筆箱

子を想う親の心に国境なく。息子が世話になった、と遠き異国から訪ねていただいて。御礼に、と手渡されるは木製の筆箱。カナダで大工職人を営む当人が丹精込めて作った一品。議長室の棚に飾っておいたのだけれども盗難、いや、息子の入学祝に譲ってくれぬか、と運転手にせがまれて、あげちゃった。

研修員受入プログラムにて本市の国際交流課に在籍していたC君。一昨年、姉妹都市のボルチモアを訪問した際に通訳を務めてくれて。ボケにつっこみ、漢字まで流暢に操るばかりか雑用まで、本当に助かった。庁内にて不当な扱いを受けておらぬか、との心配も、メガネが似合う年齢不詳のK課長と親子ほど齢の離れたH部長にはとりわけ親切にしてもらって、と本人。

んな人物は自ずと昇進を遂げるもの、今や局長に昇進されて。
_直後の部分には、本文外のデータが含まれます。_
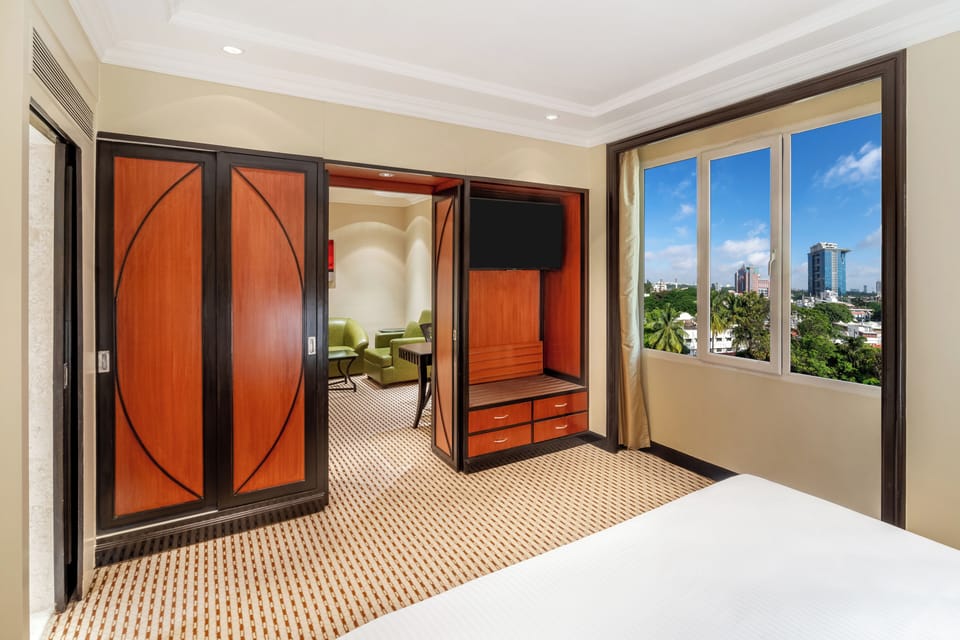 Suite | Egyptian cotton sheets, premium bedding, Select Comfort beds, minibar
そんなC君が急遽帰国の途につくことになったとH局長から報告を受けた。健康状態が優れぬ母親の看病の為と。ならばメシでも一緒に、と打診すれば、既に昨夜、と。

私を誘わぬとはつれないではないか、と詰問すれば、万が一の際に迷惑をかけれぬ、などと寝言を。んな気を遣っているように見せて毛嫌いしとるだけではないか、とは言わなんだが。それにしてもセメント通りの焼肉屋とはさすがH局長。チャーリー、元気でな。

さて、学生相手に特別講義を、との依頼。人情話か恋愛論ならばまだしも「特別自治市」など人選が間違っとる、他の適任者を探すべし、と丁重に御辞退を申し上げた。本市も来年度の組織改正に新たな担当を設けるとか。

県市民税以外に固定資産税を主な財源とする市に対して法人事業税を柱とする県の財政や不安定、となると狙われるは政令市。相応の負担は当然との県に対して、ならば更なる権限も、と政令市。実現には県の理解が欠かせぬということらしく。「道府県、指定都市の認識に齟齬が生じていることが大きな問題であって、共通認識や理解を得る努力が双方に求められる」とは県が設置した有識者による研究会の見解だそうで。

権限を手放すに手間も減りそうなもんなれど同時に薄れるは存在意義。政令市以外の県議ならば賛同してくれそうなもんなれど隣の顔色を窺うに。役人とて行政区としては全域なれどそこだけは手出しは出来ぬは何かと面倒。二重行政の解消は不変の真理にてそれさえ唱えておれば有権者の関心を惹ける、ヘンに前に進まぬは双方に好都合、なんて下心はないことを願いつつ。

んな制度論だけ言われても分からぬ、具体例を挙げよ。ならば一つ。特別な支援を必要とする児童の増加に追いつかぬ受け皿に求められるは養護学校。原則は県なれど、政令市とあらばその限りにあらず、許される権限に本市独自の「市立」養護学校を抱えるもそちらも飽和状態。新たな需要への対応は県か市か。昨年末に県が新設の意向を固める一方、当面の間は「市立」の増改築にて枠を確保することで折り合いが付いたとか。

要した歳月や言わぬ。が、押しつけ合いの皺寄せは弱者に向きかねず、そこを救わんとの使命感こそ制度の前に。読者諸賢には嫁姑の争いにしか見えぬ、って。